Here's a slightly different angle on that story: The reason I was so upset was, of course, because I feared that she was right. I feared four years of Friday nights with nowhere to be, too much sleep, and a lot of weight loss because the gym is open when social avenues are not. I feared being plopped down alone in the middle of a strange place, and eventually leaving alone from it and not caring at all. I feared not hugging anyone but my family at graduation.
All of these fears are totally legitimate for anyone going to college close or far away--they're just a little more accentuated for those of us who know we won't have our high school friends close by to fall back on.
(Although let me clarify, by no means did I lose sleep about them during senior year. I wasn't too worried.)
Here's the deal: chances are overwhelmingly good that you will make friends in college. Personally, I lucked out--I literally walked around the corner one day during orientation, and there they were! A group of people who had just met, liked each other, and liked me. You might be lucky enough to get such a pre-formed family of friends, and if so then you will spend the year growing even closer to some of them as you explore the things you actually have in common that make you all work as a group.
Or, you might have to work a little harder to find them. I have friends now that I had to "develop," if you will (don't picture backhoes). Relationships take time and that's fine, but don't be terrified to ask someone to have lunch with you. Food is a good excuse to talk and bond and soon you'll be taking roadtrips and stealing laundry together.
How do you meet them, you might ask? Here's the answer you will hear a million times: get involved. Really. Find an organization that does what you love, and go to it, especially if it meets consistently. This gives you scheduled time to hang out with people who have the same interests as you, and gets you past some awkward small talk about what you might have in common.

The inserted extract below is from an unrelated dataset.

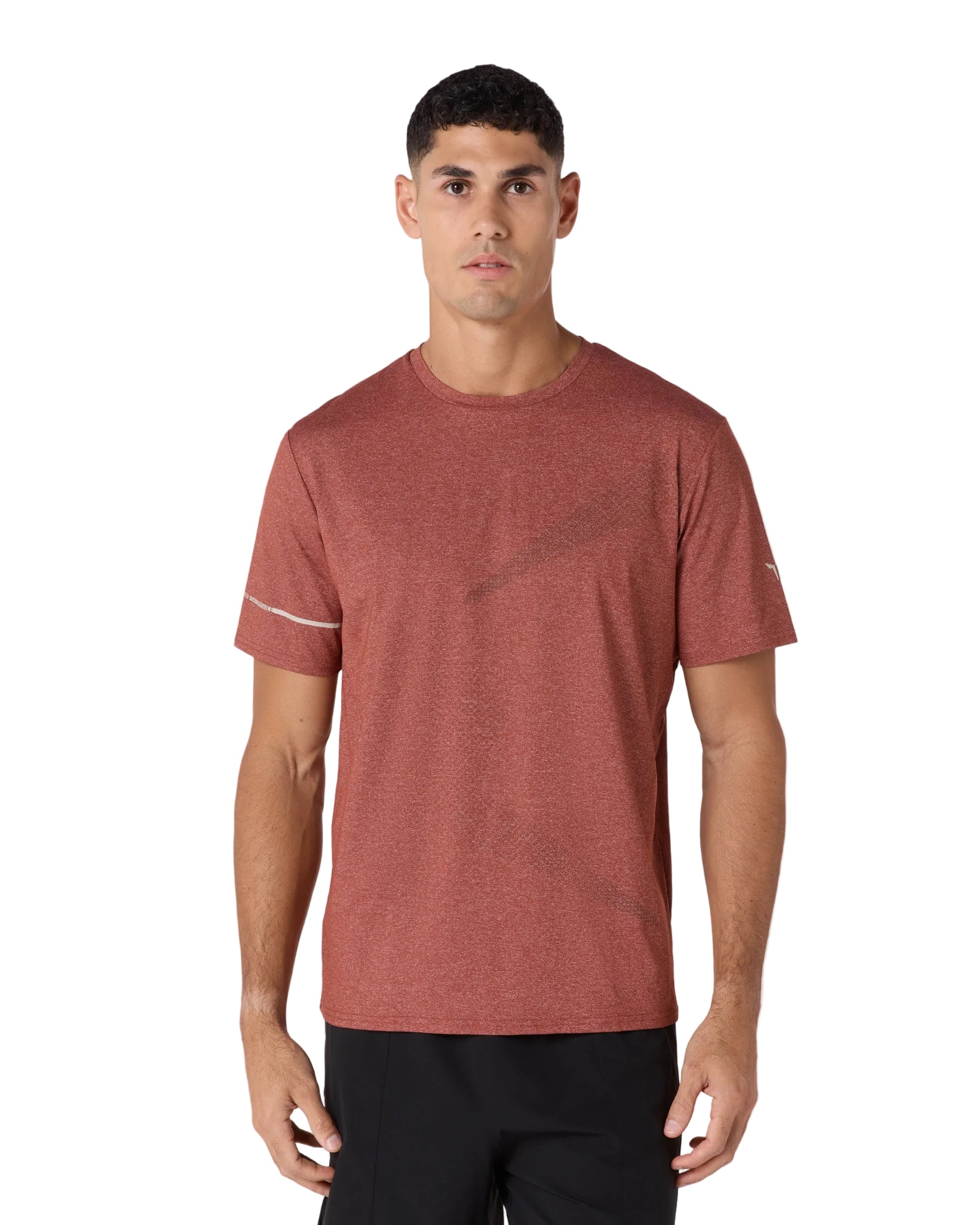 Mens Neotech Supernaturals Short Sleeve T-Shirt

If a group that seems to do, in name, all the things you ever hoped and dreamed, but doesn't actually meet that often or have a setup open to conversation, then by all means still go to it. But go to other things as well. If it doesn't meet that often you have no excuse for time :)
Finally, don't stress about friendship. It may not be something you can check off on your college to-do list by the end of August, but it's not a checklist anyway. It's shenanigans and food and coffee and late nights in the dorms watching bad movies. And it will happen for you if you look for it.